I love supporting community members to try new things, take action in different ways, and work for social justice.

What is feminism to you?

To me, feminism means that people of all genders should be able to be their true selves, make decisions that are best for themselves and their communities, and achieve their dreams.

Courtesy of Angeline Echeverría

Can you pinpoint the moment when you decided to become a feminist? If you don't consider yourself a feminist, why not?

I can't remember a time when I didn't question patriarchy, misogyny, and sexism. I believe that questioning these systems of oppression are an integral part of being a feminist, although I have struggled with whether or not I should call myself a feminist without in the same breath attempting to recognize all of the intersecting systems of oppression that affect our communities, such as racism, xenophobia, homophobia, transphobia, classism, ableism, etc.

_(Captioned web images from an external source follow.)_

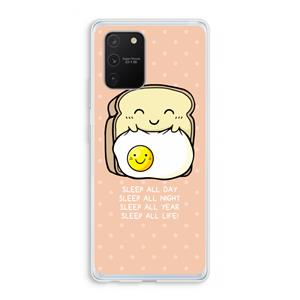 CaseCompany Sleep All Day: Samsung Galaxy S10 Lite Transparant Hoesje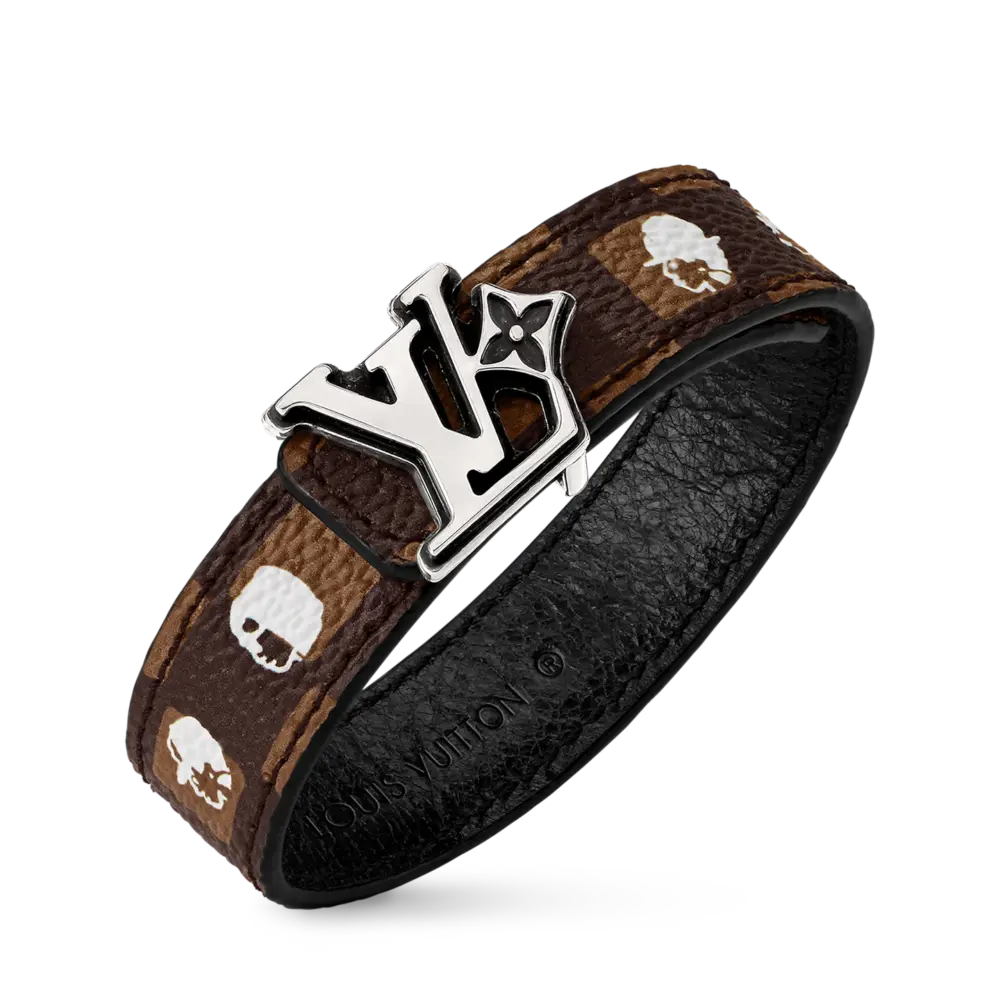 Vòng Tay Louis Vuitton Flower Phriendship Bracelet 'Brown' M4429E - Ảnh 3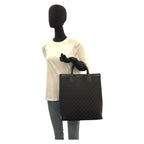 Gucci Black GG Canvas Leather 33889 Tote Bag — view 6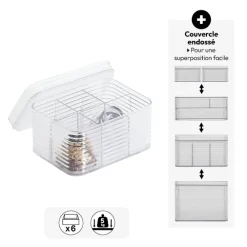 5five Organisateur 6 compartiments 15,3x9 cm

What is the best way we can all be "feminists"?

By listening to and respecting people of all genders and by working together for shared liberation.

Who are your "sheroes"?

The brave undocumented women who are fighting for their rights in solidarity with El Pueblo and other community-based organizations.

Courtesy of Angeline Echeverría

Favorite feminist anthem?

"Todo cambia" by Mercedes Sosa. To me feminism is about each human being's changing and evolving without having to ask permission to do so.

Favorite feminist artist? (authors, singers, dancers, actors)

Julia Alvarez—her novel "In the Time of the Butterflies" about the Mirabal sisters helped me to understand the impact of US foreign policy in a way that was tangible for a privileged middle class teen and awoke my interest in human rights.